Я не знал, как будет складываться работа над фильмом, кто будет вместе со мной его делать, но то, что именно так я буду ко всему и всем, связанным с этой картиной, относиться, ощущал с самого начала.
На фотографиях рабочих моментов съемок режиссер чаще всего с сосредоточенным видом смотрит в глазок камеры, оттерев оператора от его рабочего инструмента. Я этим тоже был грешен, особенно на первых порах работы в кино. Мне все время хотелось самому увидеть кадр, сдвинуть его границу чуть вправо или чуть влево, проверить, так ли выходит на крупный план актер и верно ли выстраивается задуманный мизанкадр.
Сейчас я придерживаюсь в корне иной точки зрения: считаю, что режиссеру вообще лучше поменьше смотреть в камеру — это дело оператора. Суть вопроса здесь не в этике взаимоотношений двух профессий, а в эстетике кино. Убежден, что в сегодняшнем кинематографе мизанкадр изжил себя. Он сразу выдает свою выстроенность, нарочитость. Зритель понимает, что на экране обман, липа.
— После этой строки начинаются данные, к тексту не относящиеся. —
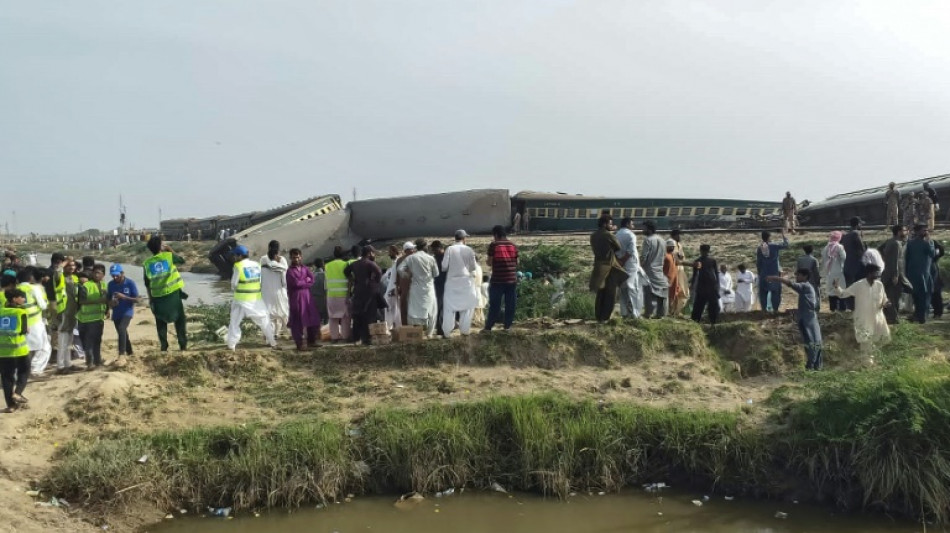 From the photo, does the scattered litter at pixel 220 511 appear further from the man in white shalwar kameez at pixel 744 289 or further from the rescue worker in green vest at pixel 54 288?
the man in white shalwar kameez at pixel 744 289

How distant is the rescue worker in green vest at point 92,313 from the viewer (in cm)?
941

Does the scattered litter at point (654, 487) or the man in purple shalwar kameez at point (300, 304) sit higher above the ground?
the man in purple shalwar kameez at point (300, 304)

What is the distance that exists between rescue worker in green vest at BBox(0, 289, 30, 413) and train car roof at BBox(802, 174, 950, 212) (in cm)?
2413

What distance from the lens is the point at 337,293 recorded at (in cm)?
1043

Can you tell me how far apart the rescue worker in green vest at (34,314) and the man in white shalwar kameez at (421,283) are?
4521 mm

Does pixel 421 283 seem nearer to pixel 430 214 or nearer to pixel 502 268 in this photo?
pixel 502 268

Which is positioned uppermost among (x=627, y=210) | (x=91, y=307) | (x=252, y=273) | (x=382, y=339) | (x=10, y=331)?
(x=627, y=210)

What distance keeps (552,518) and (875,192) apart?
24350 millimetres

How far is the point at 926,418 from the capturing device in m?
6.71

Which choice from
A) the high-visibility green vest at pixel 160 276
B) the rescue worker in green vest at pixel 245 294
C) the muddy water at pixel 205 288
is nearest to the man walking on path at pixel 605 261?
the rescue worker in green vest at pixel 245 294

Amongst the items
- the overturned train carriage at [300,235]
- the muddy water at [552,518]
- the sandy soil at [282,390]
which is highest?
the overturned train carriage at [300,235]

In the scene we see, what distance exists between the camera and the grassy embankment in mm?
6734

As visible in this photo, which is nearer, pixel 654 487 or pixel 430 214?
pixel 654 487

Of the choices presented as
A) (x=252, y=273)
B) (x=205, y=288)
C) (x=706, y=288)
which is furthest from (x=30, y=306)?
(x=205, y=288) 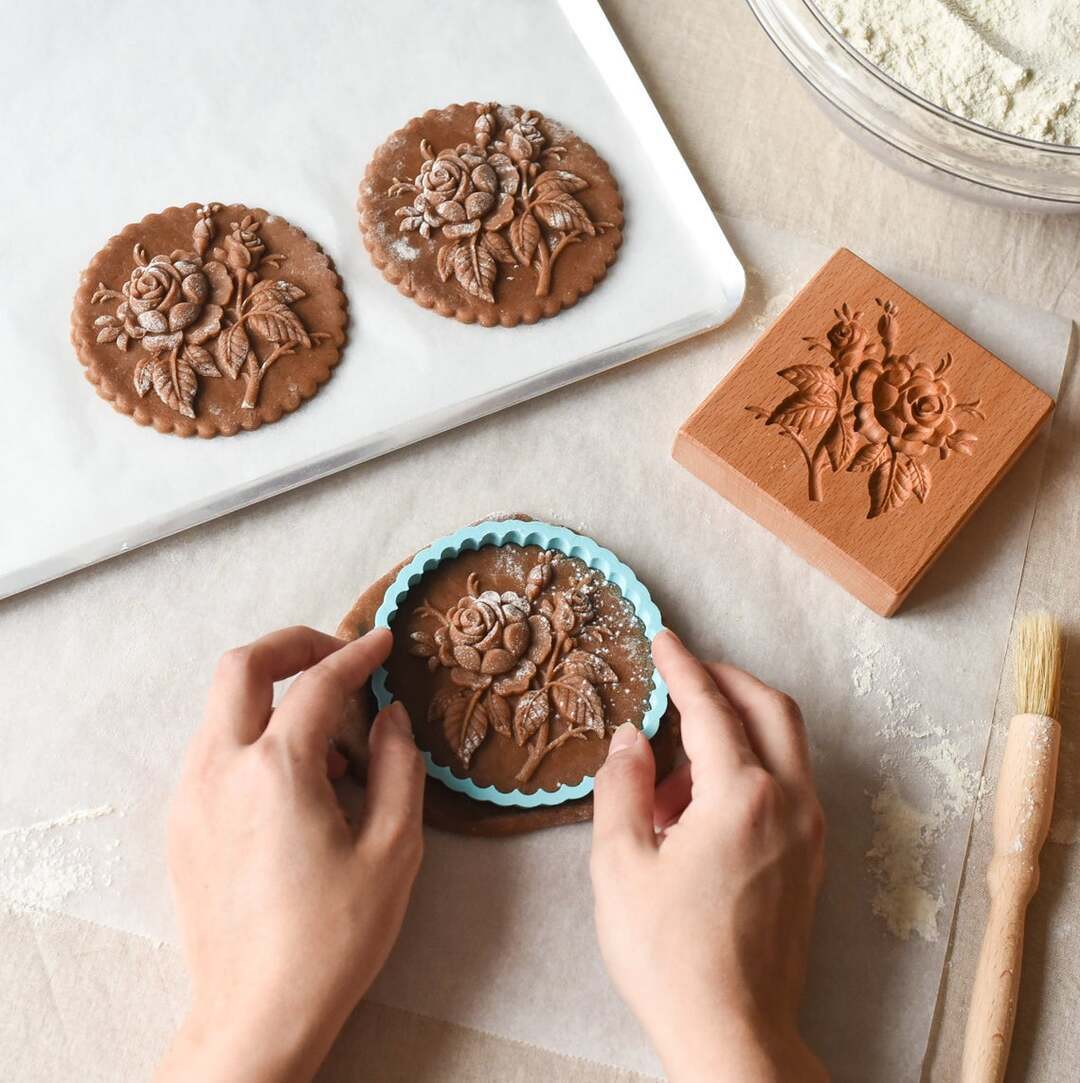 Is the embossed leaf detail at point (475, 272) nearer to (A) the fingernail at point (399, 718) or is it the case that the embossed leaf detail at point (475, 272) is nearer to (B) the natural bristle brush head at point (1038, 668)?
(A) the fingernail at point (399, 718)

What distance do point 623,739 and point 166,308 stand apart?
2.22 feet

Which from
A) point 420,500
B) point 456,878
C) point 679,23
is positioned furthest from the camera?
point 679,23

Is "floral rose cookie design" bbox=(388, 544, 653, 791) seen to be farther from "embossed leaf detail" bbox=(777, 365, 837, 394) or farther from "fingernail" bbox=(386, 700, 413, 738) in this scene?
"embossed leaf detail" bbox=(777, 365, 837, 394)

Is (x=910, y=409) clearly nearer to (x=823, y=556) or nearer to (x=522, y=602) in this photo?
(x=823, y=556)

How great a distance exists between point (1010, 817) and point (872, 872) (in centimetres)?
15

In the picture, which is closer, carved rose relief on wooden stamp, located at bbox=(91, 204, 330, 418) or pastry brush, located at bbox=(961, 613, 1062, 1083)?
pastry brush, located at bbox=(961, 613, 1062, 1083)

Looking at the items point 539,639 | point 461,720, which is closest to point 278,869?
point 461,720

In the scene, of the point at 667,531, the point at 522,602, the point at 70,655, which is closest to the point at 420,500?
the point at 522,602

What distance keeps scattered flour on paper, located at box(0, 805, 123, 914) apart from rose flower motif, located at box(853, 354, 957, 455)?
2.98ft

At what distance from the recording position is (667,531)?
47.3 inches

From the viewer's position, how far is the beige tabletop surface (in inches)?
40.9

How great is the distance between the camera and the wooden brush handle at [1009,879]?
3.42ft

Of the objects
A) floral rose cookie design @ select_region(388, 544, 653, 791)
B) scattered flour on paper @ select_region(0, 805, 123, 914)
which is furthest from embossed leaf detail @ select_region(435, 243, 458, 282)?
scattered flour on paper @ select_region(0, 805, 123, 914)

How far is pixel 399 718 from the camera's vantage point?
1035 millimetres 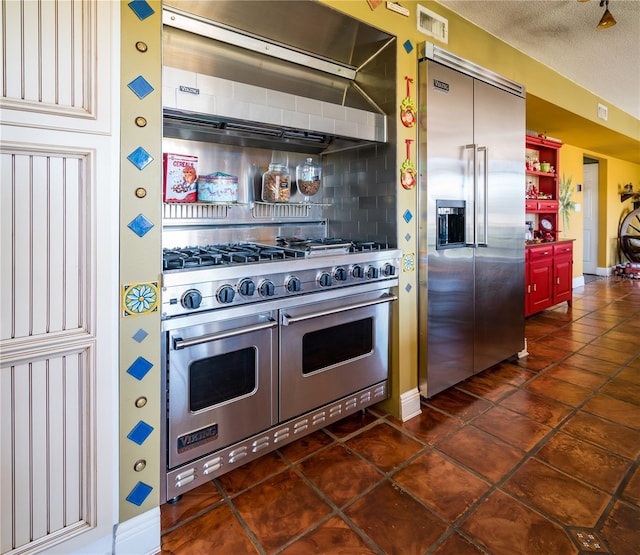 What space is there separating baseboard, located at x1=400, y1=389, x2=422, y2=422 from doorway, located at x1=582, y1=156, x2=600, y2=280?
7.50 m

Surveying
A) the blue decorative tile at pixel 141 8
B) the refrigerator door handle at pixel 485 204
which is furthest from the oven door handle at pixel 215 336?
the refrigerator door handle at pixel 485 204

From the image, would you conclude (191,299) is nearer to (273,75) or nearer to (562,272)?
(273,75)

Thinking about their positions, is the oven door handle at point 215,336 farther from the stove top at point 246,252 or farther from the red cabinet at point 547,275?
the red cabinet at point 547,275

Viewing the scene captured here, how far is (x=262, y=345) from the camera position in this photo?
5.82 ft

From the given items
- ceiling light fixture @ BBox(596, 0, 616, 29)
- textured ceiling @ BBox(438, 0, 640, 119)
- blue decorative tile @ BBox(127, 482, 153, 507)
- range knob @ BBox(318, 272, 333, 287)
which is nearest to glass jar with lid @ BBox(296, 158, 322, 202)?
range knob @ BBox(318, 272, 333, 287)

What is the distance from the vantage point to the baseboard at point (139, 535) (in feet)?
4.53

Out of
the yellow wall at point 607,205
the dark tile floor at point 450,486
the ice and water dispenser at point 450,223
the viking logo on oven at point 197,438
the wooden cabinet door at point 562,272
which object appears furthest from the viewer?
the yellow wall at point 607,205

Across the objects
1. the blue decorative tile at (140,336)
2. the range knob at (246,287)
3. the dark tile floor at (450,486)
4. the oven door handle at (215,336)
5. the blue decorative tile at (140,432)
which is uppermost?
the range knob at (246,287)

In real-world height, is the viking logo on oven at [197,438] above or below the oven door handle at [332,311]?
below

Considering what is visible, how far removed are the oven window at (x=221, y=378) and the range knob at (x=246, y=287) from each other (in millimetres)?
254

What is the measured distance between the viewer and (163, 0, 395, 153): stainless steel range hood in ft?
5.64

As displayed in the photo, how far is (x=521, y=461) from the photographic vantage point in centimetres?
194

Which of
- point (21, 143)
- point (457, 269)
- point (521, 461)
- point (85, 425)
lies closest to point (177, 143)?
point (21, 143)

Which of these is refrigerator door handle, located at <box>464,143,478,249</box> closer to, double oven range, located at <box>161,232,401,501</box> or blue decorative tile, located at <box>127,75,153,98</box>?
double oven range, located at <box>161,232,401,501</box> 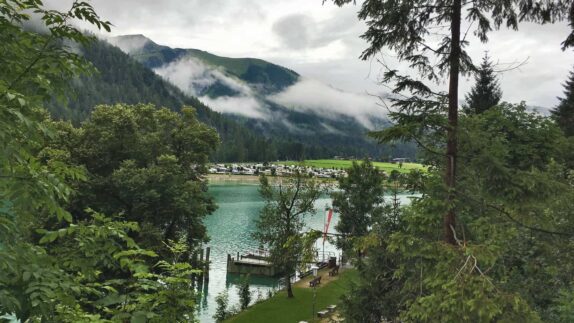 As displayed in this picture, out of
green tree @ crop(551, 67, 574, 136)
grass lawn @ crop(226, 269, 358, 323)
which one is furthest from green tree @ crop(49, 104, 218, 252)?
green tree @ crop(551, 67, 574, 136)

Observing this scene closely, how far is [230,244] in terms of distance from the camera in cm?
5059

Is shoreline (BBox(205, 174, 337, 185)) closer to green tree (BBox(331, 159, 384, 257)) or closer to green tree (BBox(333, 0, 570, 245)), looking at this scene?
green tree (BBox(331, 159, 384, 257))

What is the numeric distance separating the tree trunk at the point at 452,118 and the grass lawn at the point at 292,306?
15.4 m

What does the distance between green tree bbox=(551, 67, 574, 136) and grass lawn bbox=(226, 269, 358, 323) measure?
18.2 m

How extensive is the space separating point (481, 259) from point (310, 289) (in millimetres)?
28158

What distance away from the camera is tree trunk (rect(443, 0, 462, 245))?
805cm

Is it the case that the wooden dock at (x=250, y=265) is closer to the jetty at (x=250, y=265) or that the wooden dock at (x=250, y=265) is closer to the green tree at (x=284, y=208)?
the jetty at (x=250, y=265)

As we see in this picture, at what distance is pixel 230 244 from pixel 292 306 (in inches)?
906

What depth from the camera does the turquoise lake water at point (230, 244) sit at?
35219 mm

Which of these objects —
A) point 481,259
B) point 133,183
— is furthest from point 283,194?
point 481,259

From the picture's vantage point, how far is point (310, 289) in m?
33.6

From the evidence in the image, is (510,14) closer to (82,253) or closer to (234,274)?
(82,253)

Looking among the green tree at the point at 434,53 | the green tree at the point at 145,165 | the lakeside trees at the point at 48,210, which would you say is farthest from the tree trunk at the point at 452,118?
the green tree at the point at 145,165

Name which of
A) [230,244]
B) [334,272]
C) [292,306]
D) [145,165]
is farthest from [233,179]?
[145,165] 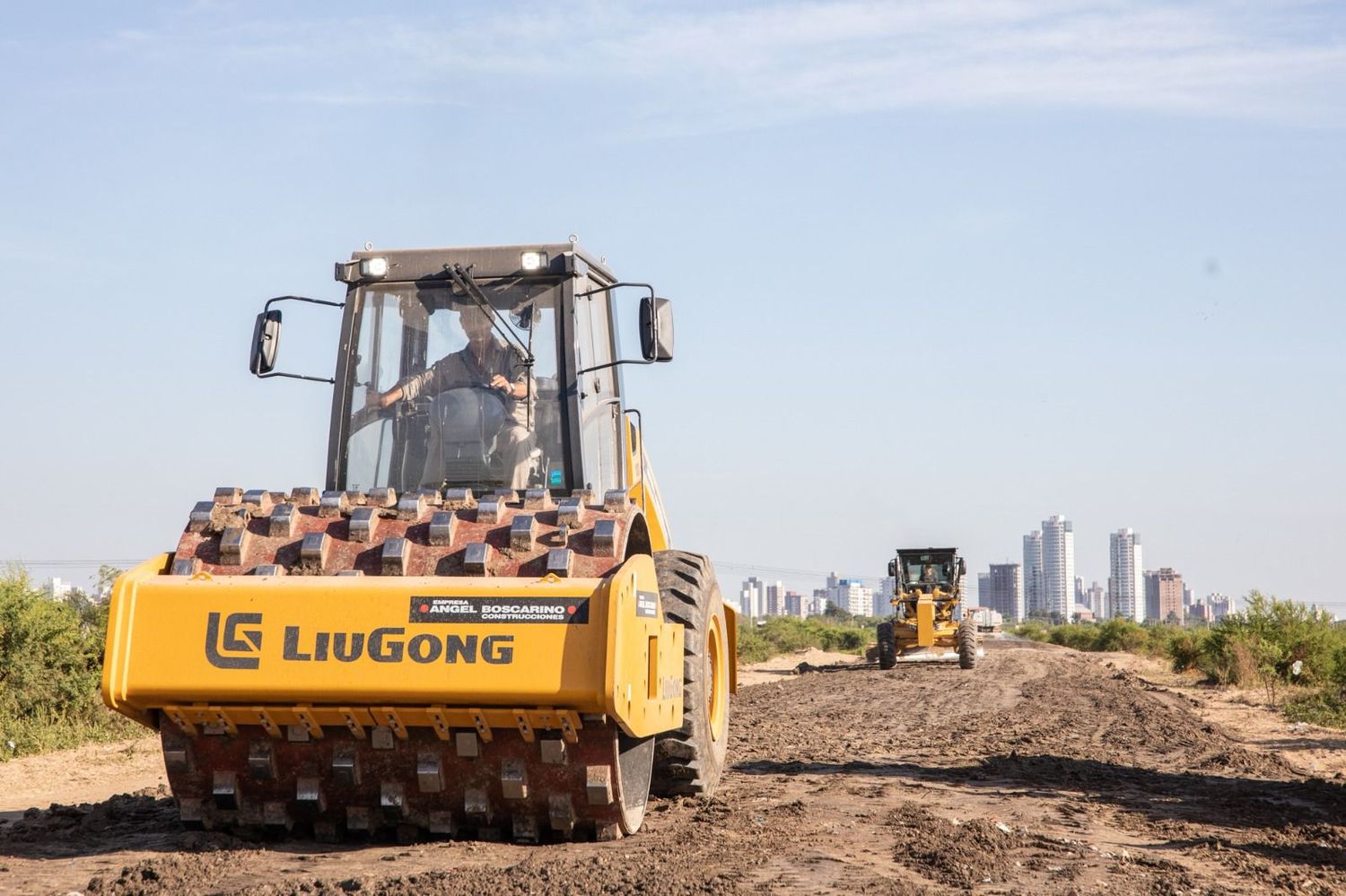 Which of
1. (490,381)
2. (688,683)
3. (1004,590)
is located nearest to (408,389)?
(490,381)

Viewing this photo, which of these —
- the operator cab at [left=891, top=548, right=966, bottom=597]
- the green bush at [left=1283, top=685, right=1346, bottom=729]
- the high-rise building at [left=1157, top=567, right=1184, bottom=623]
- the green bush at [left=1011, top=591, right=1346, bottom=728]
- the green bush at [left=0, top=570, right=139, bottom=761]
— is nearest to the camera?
the green bush at [left=0, top=570, right=139, bottom=761]

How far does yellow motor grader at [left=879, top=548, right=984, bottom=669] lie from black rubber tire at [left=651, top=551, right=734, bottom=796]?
80.8 ft

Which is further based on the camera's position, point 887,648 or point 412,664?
point 887,648

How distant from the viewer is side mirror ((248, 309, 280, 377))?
8680 mm

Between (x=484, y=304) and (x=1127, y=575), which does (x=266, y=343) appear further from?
(x=1127, y=575)

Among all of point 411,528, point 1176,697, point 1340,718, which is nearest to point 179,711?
point 411,528

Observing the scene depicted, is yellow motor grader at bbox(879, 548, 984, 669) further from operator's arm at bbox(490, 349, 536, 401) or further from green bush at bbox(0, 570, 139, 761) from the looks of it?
operator's arm at bbox(490, 349, 536, 401)

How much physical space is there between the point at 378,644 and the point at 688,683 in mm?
2081

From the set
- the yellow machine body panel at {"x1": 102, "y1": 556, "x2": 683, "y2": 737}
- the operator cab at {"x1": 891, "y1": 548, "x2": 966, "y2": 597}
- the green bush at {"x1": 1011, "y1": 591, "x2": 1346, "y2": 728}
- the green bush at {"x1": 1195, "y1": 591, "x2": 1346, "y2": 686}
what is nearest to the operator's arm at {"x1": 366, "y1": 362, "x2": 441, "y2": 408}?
the yellow machine body panel at {"x1": 102, "y1": 556, "x2": 683, "y2": 737}

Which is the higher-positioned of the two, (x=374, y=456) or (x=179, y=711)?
(x=374, y=456)

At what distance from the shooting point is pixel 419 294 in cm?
→ 918

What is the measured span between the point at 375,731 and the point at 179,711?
90 cm

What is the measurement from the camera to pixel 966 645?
1267 inches

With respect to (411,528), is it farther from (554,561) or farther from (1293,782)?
(1293,782) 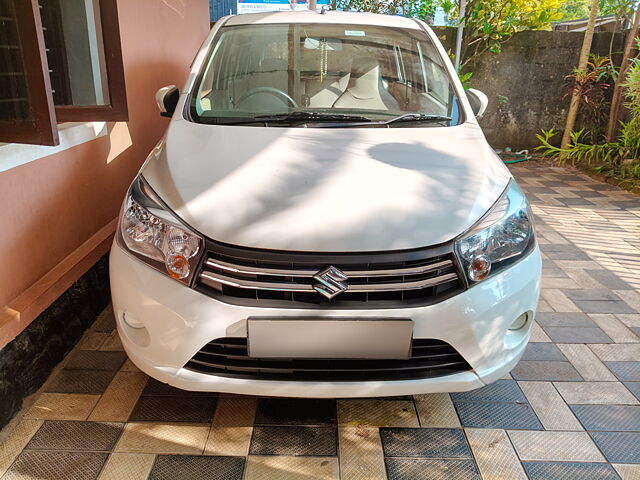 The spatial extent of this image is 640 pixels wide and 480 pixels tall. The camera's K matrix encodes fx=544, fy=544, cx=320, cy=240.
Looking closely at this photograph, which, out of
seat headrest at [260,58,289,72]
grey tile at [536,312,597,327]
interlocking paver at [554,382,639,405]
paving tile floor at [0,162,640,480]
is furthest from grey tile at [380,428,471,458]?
seat headrest at [260,58,289,72]

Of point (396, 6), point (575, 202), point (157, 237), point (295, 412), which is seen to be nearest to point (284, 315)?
point (157, 237)

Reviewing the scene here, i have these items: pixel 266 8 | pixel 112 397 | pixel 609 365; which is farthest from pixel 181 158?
pixel 266 8

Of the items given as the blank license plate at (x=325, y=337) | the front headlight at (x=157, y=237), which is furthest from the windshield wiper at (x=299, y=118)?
the blank license plate at (x=325, y=337)

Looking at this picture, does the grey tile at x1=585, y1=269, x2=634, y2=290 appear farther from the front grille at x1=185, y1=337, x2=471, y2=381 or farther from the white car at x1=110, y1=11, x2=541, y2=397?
the front grille at x1=185, y1=337, x2=471, y2=381

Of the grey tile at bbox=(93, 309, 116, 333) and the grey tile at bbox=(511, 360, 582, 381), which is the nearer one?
the grey tile at bbox=(511, 360, 582, 381)

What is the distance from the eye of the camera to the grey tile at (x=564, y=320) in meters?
3.06

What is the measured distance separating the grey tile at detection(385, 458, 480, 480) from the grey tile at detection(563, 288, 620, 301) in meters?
1.82

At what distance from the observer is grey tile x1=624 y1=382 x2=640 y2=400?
244cm

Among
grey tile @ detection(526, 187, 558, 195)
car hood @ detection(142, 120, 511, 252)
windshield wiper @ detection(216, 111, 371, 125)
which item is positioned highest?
windshield wiper @ detection(216, 111, 371, 125)

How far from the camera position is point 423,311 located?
1.79 meters

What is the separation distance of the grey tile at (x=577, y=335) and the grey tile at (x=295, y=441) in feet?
4.78

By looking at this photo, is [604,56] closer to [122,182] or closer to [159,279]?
[122,182]

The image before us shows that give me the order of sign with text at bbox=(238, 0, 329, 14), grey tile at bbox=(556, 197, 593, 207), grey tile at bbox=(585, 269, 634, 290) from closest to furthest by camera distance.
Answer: grey tile at bbox=(585, 269, 634, 290)
grey tile at bbox=(556, 197, 593, 207)
sign with text at bbox=(238, 0, 329, 14)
Изощренные мизанкадры такого крупного мастера, как Бардем, сегодня, как мне кажется, не впечатляют. Также и выверенная математика композиций “Ивана Грозного”: скажем, на переднем плане сверхкрупно профиль Ивана, а за ним тысячные толпы народа, идущего звать его назад, на трон — подобный кадр, повторенный в сегодняшнем фильме, оттолкнул бы своей заданностью. Мертвая, застывшая форма убивает содержание.
Сейчас зритель развращен документалистикой и ее приемами, вторгшимися в сферу игрового кино. Ведь самые впечатляющие документальные кадры чаще всего сняты небрежно, бесформенно даже, без заботы о красоте композиции или мизансцены. Но факт, ощущение правды факта — это самое волнующее. На язык художественного кино хроника повлияла кардинально: приемы подглядывания жизни, погружение действия в живую атмосферу жизни, отказ от всяческой нарочитости, от эффектных перекосов композиции и красивых ракурсов — все это сегодня вошло в плоть киноискусства.
Поэтому в “Романсе” я старался в камеру вообще не глядеть. В идеале: я организую жизнь, а оператор ее снимает — как хочет, сам, без моего вмешательства. Если оператор тонко чувствует режиссера (а именно с такими соавторами мне повезло работать), то он обязательно снимет так, как мне хочется. Даже еще лучше. Потому что у режиссера поневоле вырабатывается некий штамп мизансценирования: хочется, чтобы в кадре все было получше видно. А когда лучше всего видно? Когда актеры глядят в камеру: им нужно разговаривать между собой, а они смотрят на меня. И сразу же выпирает условность, пропадает правда.
Вот почему в подготовительный период я поменьше стараюсь оговаривать с оператором вопросы композиции (конечно, и ими я тоже занимаюсь, но стараюсь все же максимально передоверить их оператору), а главное внимание фиксирую на характере изображения. Эту сторону дела считаю крайне важной.
Размышляя о будущем фильме, я люблю смотреть фотожурналы, отбираю фотографии, вырезки — все, что дает толчок фантазии, помогает придумать образ каких-то эпизодов. Скажем, такая вещь, как степень размытости изображения, может оказаться необычайно существенной для всей стилистики. В “Мужчине и женщине” это замечательно найдено — именно характером изображения Лелюш добился ощущения непередаваемой свободы, поэзии, ощущения праздника.